Госпожа Дюме, тридцатишестилетняя миловидная американка, смахнула украдкой слезу, она обожала Модесту и со страхом ждала неминуемой катастрофы.
— Вы что-то невеселы сегодня, — заметила Модеста.
— Мы играем, — ответил Гобенхейм, тасуя карты.
Эта загадочная сцена несомненно приобретет еще больший интерес, когда читатель уяснит себе отношение Дюме к Модесте. Наше отступление будет по необходимости кратким, а следовательно, и сухим; пусть читатель не посетует, ибо это вызвано желанием автора поскорее покончить с первым эпизодом и вместе с тем рассказать о том главном, что лежит в основе каждой человеческой драмы.
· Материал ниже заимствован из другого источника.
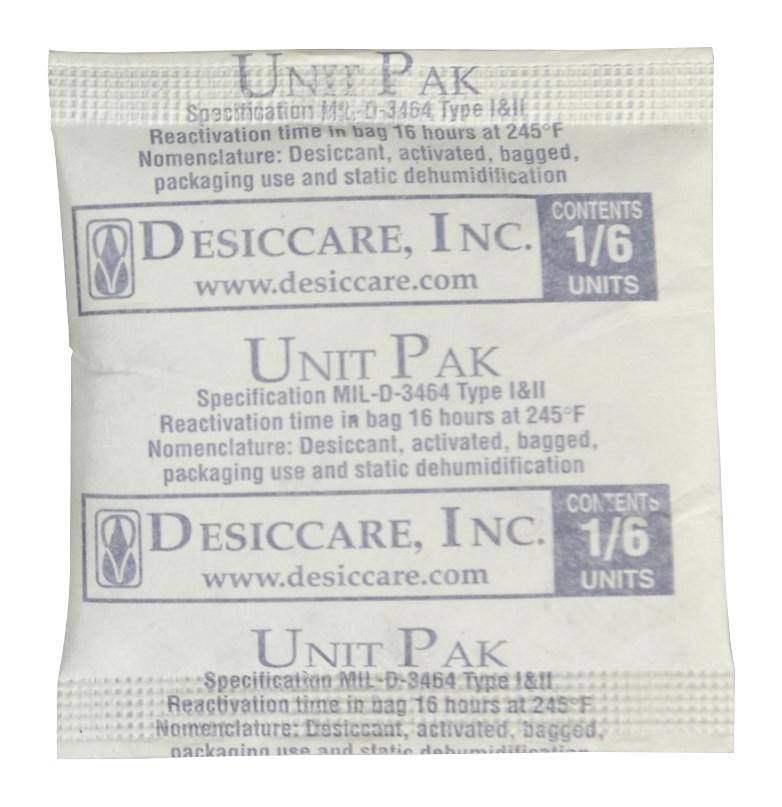 1/6PLDES1200 SCS Desiccant Pouch | myMectronic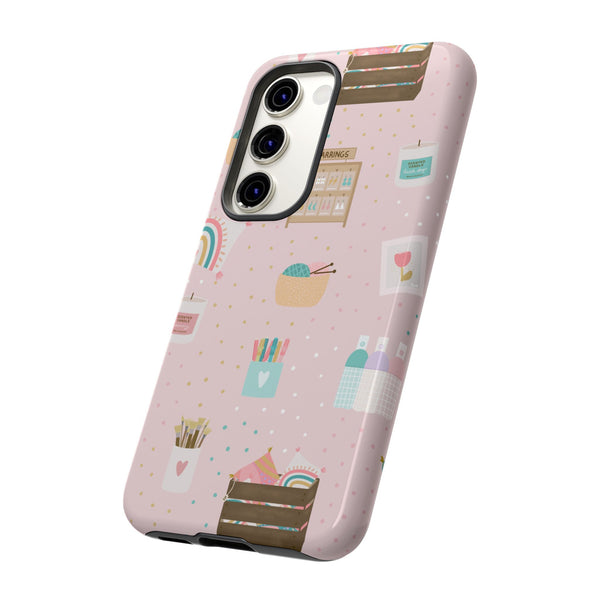 Phone Case: Makers Market Items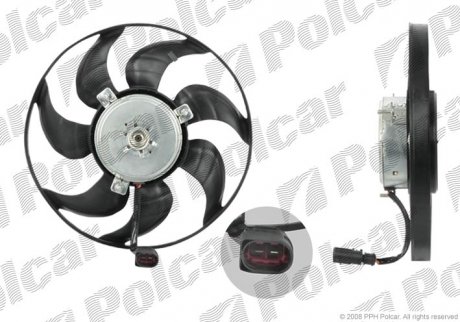Вентилятор без кожуха AUDI/VW (1K0959455DG, 1K0959455R, 1K0959455ES) Polcar 133123U5 (фото 1)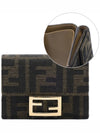 Baguette Micro Tri-fold Half Wallet Brown - FENDI - BALAAN 3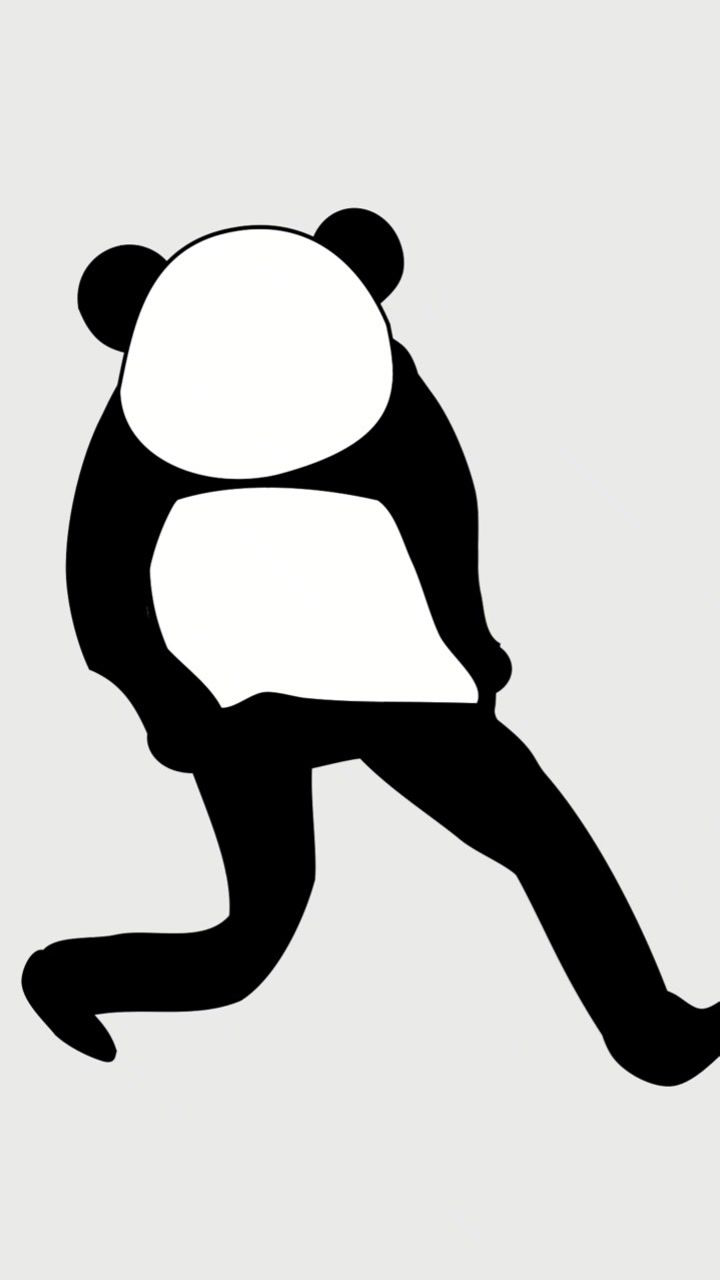沙雕熊猫头壁纸高清图片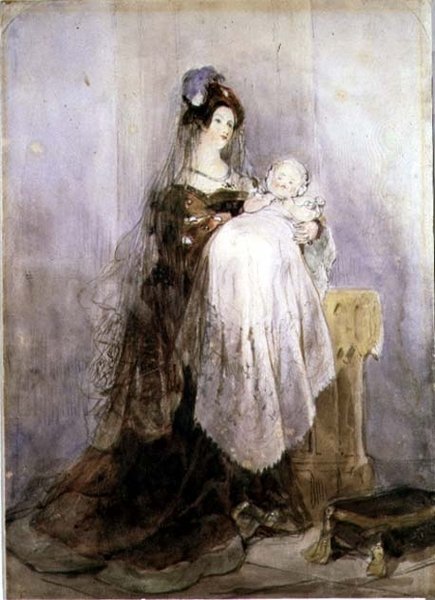 Dop, 1830-1832 av David Cox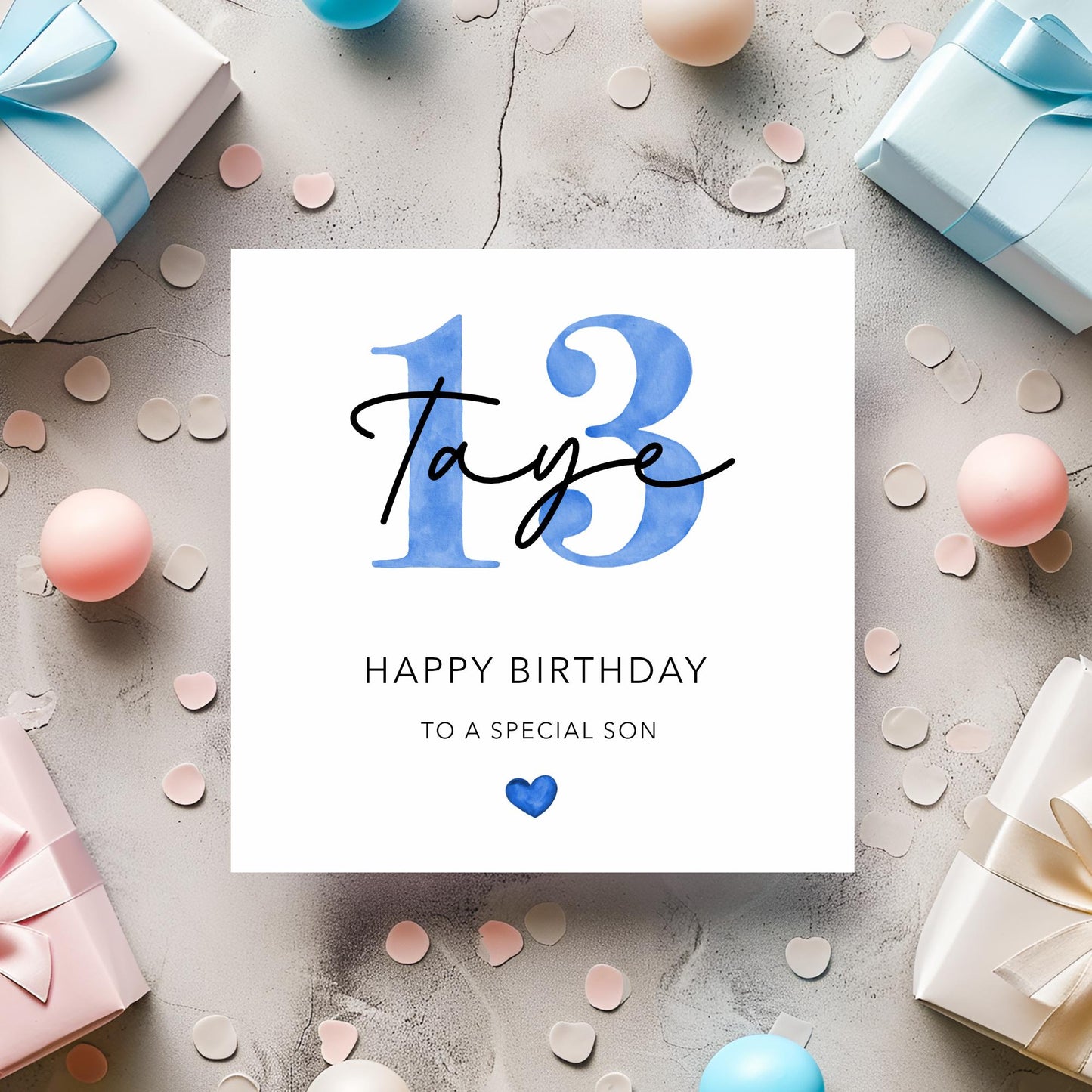 Son 13th Birthday Card, 13th Birthday Card For Son, Card For Grandson, Teenager Card, Great Nephew 13th Birthday Card, Cousin Birthday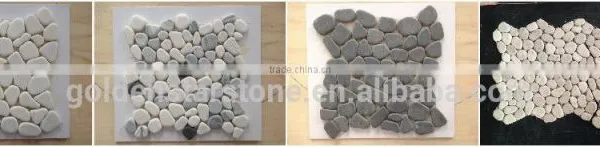 Factory Nature Stone Pebble Stone Mosaic Tile photo-5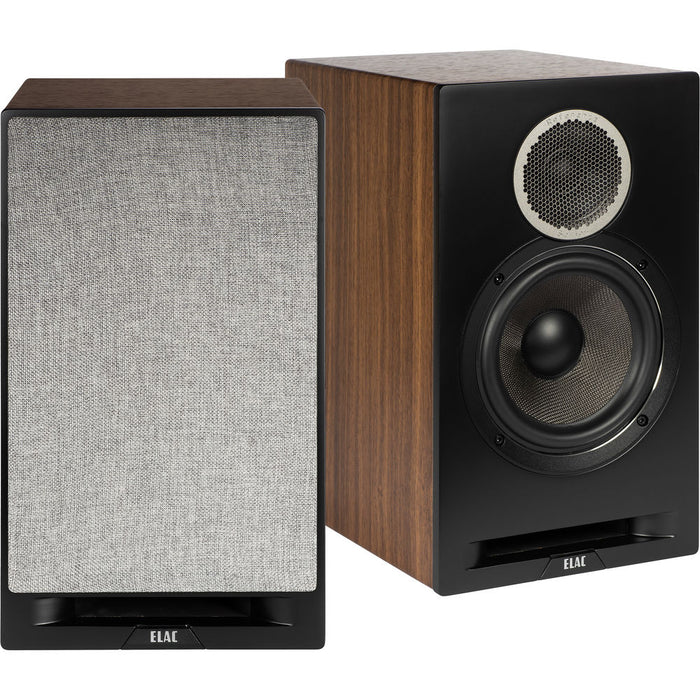 ELAC Debut Reference 6.5" 2-Way Bookshelf Speakers for Home Theater Systems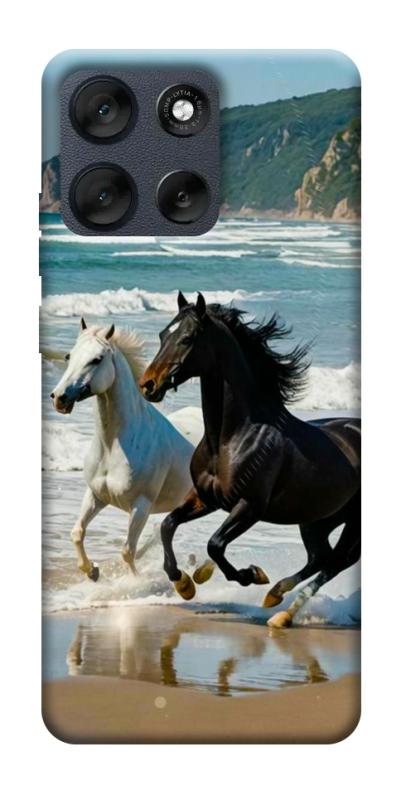 Чехол itsPrint Beach Horses для Motorola Moto G56 5G, животные, купить оптом с доставкой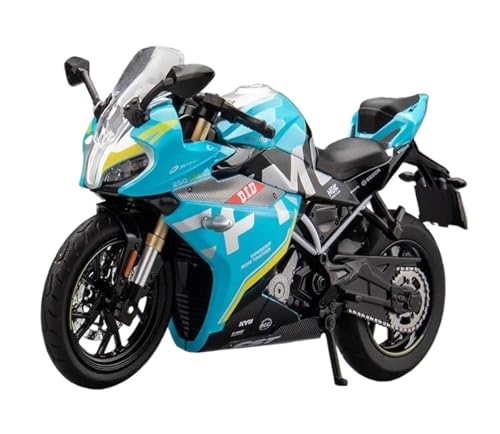 Miniatur Motorfahrzeug Modelle 1:12 Für CFMOTO 250SR Racing Legierung Motorrad Diecast Modell Sound Licht Spielzeug Sammeln Dekorative Druckguss-Nachbildung von CYQOCD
Дюме (Анн-Франсуа-Бернар) родился в городе Ванн и в 1799 году поступил солдатом в Итальянскую армию. Отец Бернара Дюме, председательствовавший в революционном трибунале, отличался такой энергией, что после девятого термидора[6] погиб на гильотине, и сыну этого довольно посредственного адвоката стало невозможно оставаться дольше в родных местах. Похоронив мать, умершую от горя, Дюме распродал свое имущество и в возрасте двадцати двух лет отправился в Италию, как раз в тот момент, когда наши войска терпели там поражение. Он встретился в департаменте Вар с молодым человеком, который по тем же самым причинам устремился на поиски славы, благоразумно полагая, что поле сражения менее опасно для него, чем Прованс. Шарль Миньон был последним отпрыском семьи, один из родоначальников которой, кардинал Миньон, облагодетельствовал Париж, проложив улицу и выстроив дворец. Отец Шарля, человек весьма ловкий, пожелал спасти от молний революции Лабасти — свое прекрасное родовое поместье в Контá. Как все трусливые люди в те времена, граф де Лабасти, превратившись в гражданина Миньона, счел более благоразумным рубить чужие головы, чем подставлять свою. Этот новоявленный террорист исчез девятого термидора, и фамилия его была занесена в список эмигрантов. Графство де Лабасти было продано, опозоренные крепостные башни снесены. В конце концов гражданин Миньон, обнаруженный в округе Оранж, был убит вместе с женой и детьми; уцелел один лишь Шарль Миньон, которого отец отправил в департамент Верхних Альп, чтобы подыскать там надежное убежище для всей семьи. Сраженный ужасной вестью, Шарль решил переждать бурю в селении, расположенном в долине у подножия горы Жаневр. Он прожил там до 1799 года на несколько луидоров, которые при отъезде дал ему отец. Наконец в возрасте двадцати трех лет, не имея иного достояния, кроме представительной осанки и южной красоты, достигающей иногда совершенства, воплощенного в Антиное, прославленном любимце Адриана, Шарль решил, как и многие другие, попытать счастья на поле брани, приняв за призвание свою чисто провансальскую отвагу. Он встретился с бретонцем Дюме по пути в Ниццу — место сбора новобранцев. Вскоре они стали друзьями, чему немало способствовали сходство их судьбы и противоположность характеров; наши воины пили ключевую воду из одной кружки и делили пополам последний сухарь; мир, последовавший за битвой при Маренго[7], застал их обоих в чине сержантов.